IMF issues Warning about Cryptocurrency

The International Monetary Fund has said that crypto assets should not be made official money or legal cash.

The International Monetary Fund (IMF) has strongly advised against making cryptocurrencies official currencies or legal tender, saying that strict rules are needed.

In a report that came out this month, the IMF said that to regulate crypto properly; there needs to be a solid legal foundation that covers both private law and financial law.

It said that the failures of the crypto trading site FTX and the stablecoin Terra Luna last year showed how important it was to make clear rules to protect investors and stop abuse.

"Despite recent problems in the industry, investor confidence keeps coming back, as shown by the fact that Bitcoin's price has almost doubled this year. Without strong protections, the higher risk of fraud and other wrongdoing could hurt investors' projected returns.

The IMF said that even though some policymakers have taken steps to protect customers and ensure financial stability, it is just as important to think about what crypto means for the world. It warned that these assets, especially stablecoins backed by hard currencies, could replace official currencies and significantly affect governments' monetary and fiscal policies. "This is especially true in emerging markets and developing economies," the report said, "which shows how important it is to have a complete, consistent, and coordinated policy approach to crypto."

The International Monetary Fund (IMF) put out essential policy suggestions, saying that the best way to protect against the substitution of sovereign currencies is to ensure that domestic institutions are trustworthy. "Transparent, consistent, and coherent monetary policy frameworks are crucial for an effective response to the challenges posed by crypto assets," it said.

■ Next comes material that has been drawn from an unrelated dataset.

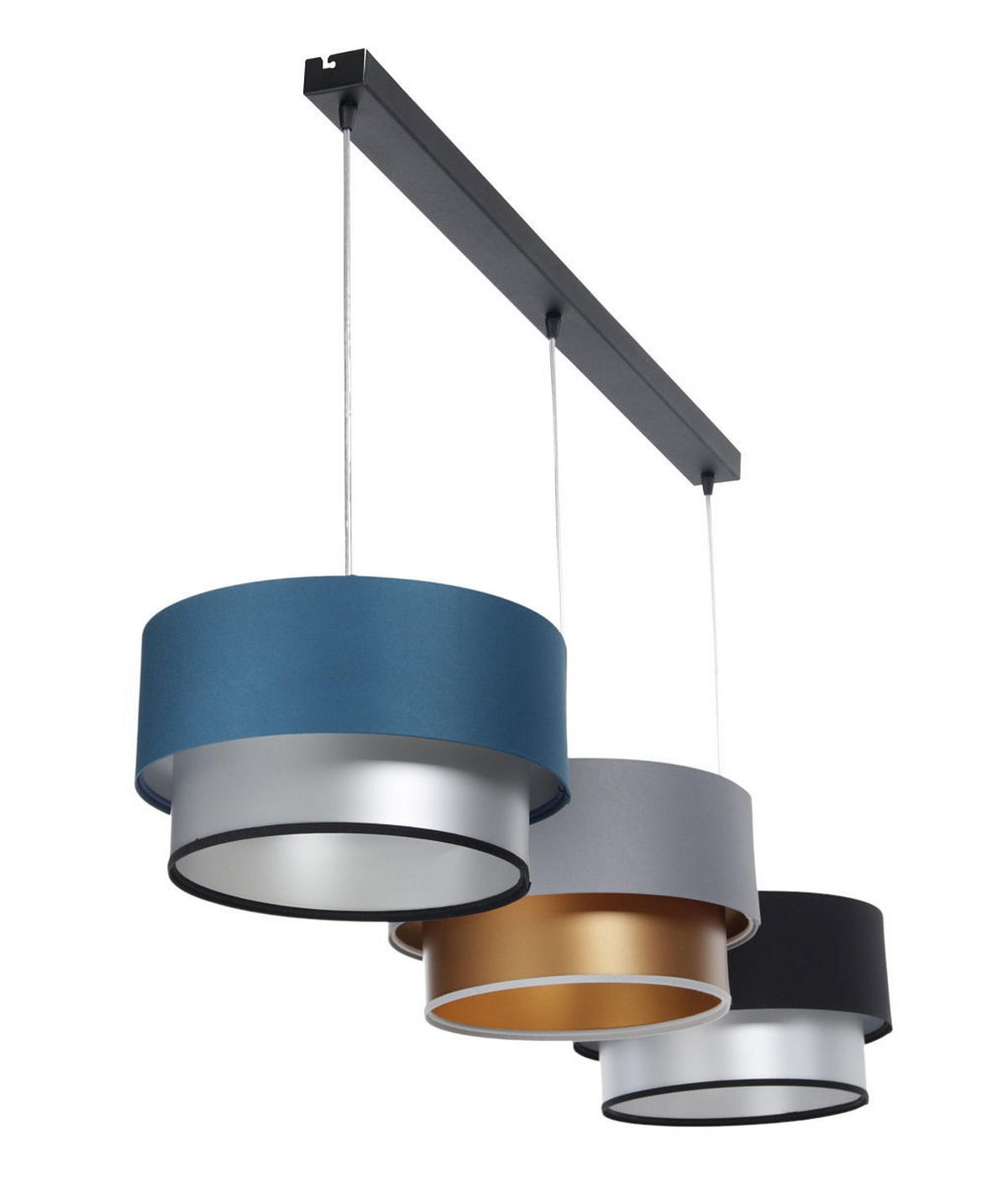 HÄNGELEUCHTE Blau 30/88 cm - Silberfarben, Kunststoff (30/2.6/88cm) - ONZENO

According to the report, policymakers should include crypto in the systems and rules already in place to handle capital flows; this would help keep things stable and reduce the chance of disruptions.

"Finally, tax laws should clarify how crypto assets are treated, and administrators should make it easier to follow the rules. "Cryptocurrency needs clear rules about how taxes, like value-added taxes or taxes on income or wealth, are handled," it said.

The IMF concluded that policymakers could protect monetary sovereignty and investor interests and promote financial stability in the digital age by taking a comprehensive approach and following these suggestions.

Due to bankruptcies in the crypto market, nearly $1.4 trillion was taken off last year. The crisis was caused by the failure of FTX, which was the second-biggest cryptocurrency exchange in the world at the time of its collapse.